TASK GOAL: Under this line are records; the part from the line containing "Ferienhaus Chalet Carella" through the line containing "Xiaomi Redmi Note" should be repeated exactly. Please exclude pictures.

DATA UNDER STUDY:
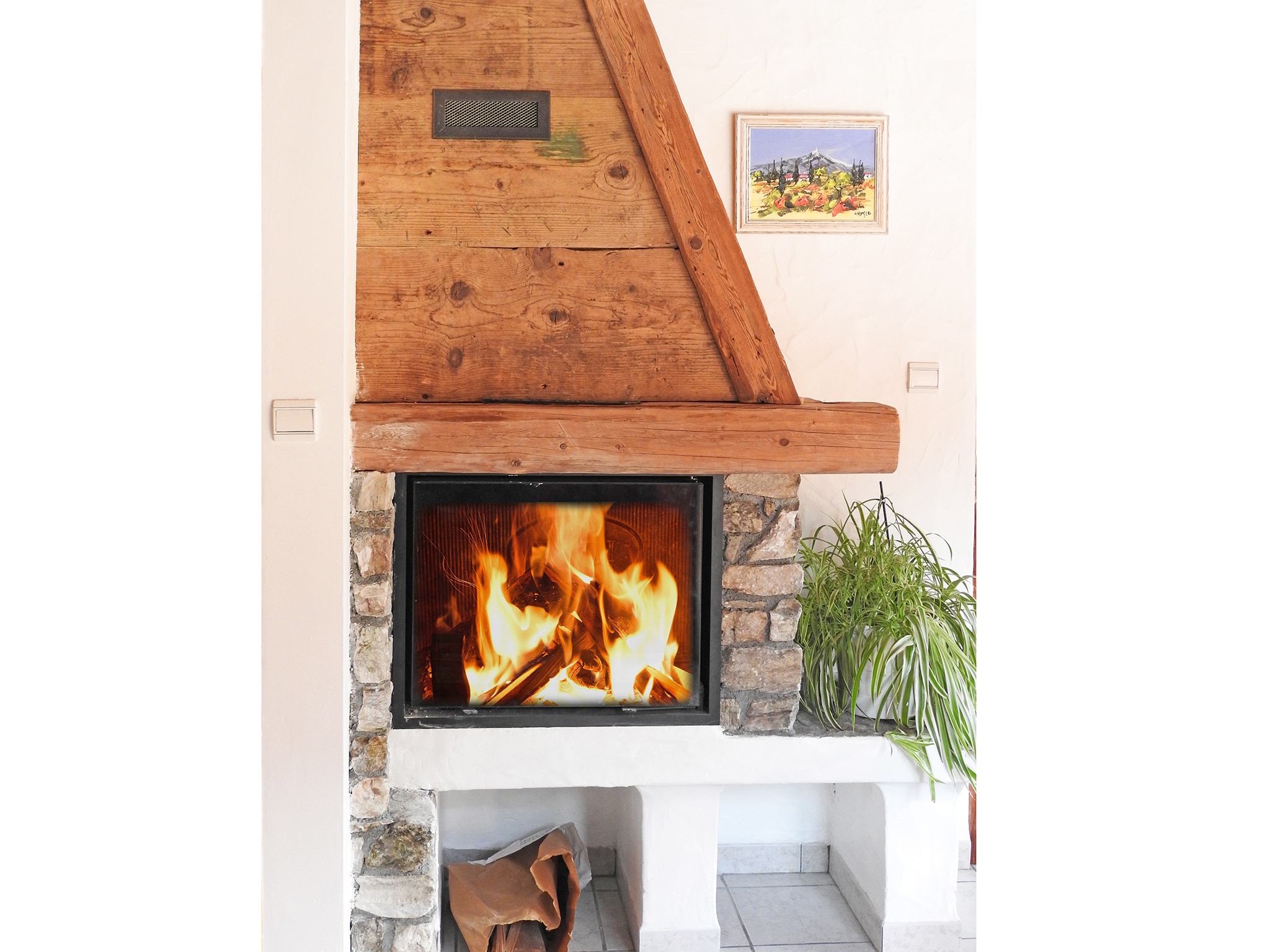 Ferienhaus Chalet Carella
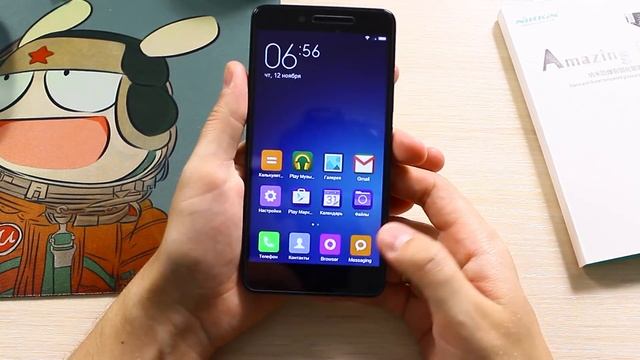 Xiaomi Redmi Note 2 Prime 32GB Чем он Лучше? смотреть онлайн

...

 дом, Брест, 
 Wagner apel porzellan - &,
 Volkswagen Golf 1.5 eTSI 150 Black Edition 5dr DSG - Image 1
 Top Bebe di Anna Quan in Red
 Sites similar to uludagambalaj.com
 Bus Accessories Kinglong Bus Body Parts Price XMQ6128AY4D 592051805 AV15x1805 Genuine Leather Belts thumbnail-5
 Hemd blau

ANSWER SECTION:
 Ferienhaus Chalet Carella
 Xiaomi Redmi Note 2 Prime 32GB Чем он Лучше? смотреть онлайн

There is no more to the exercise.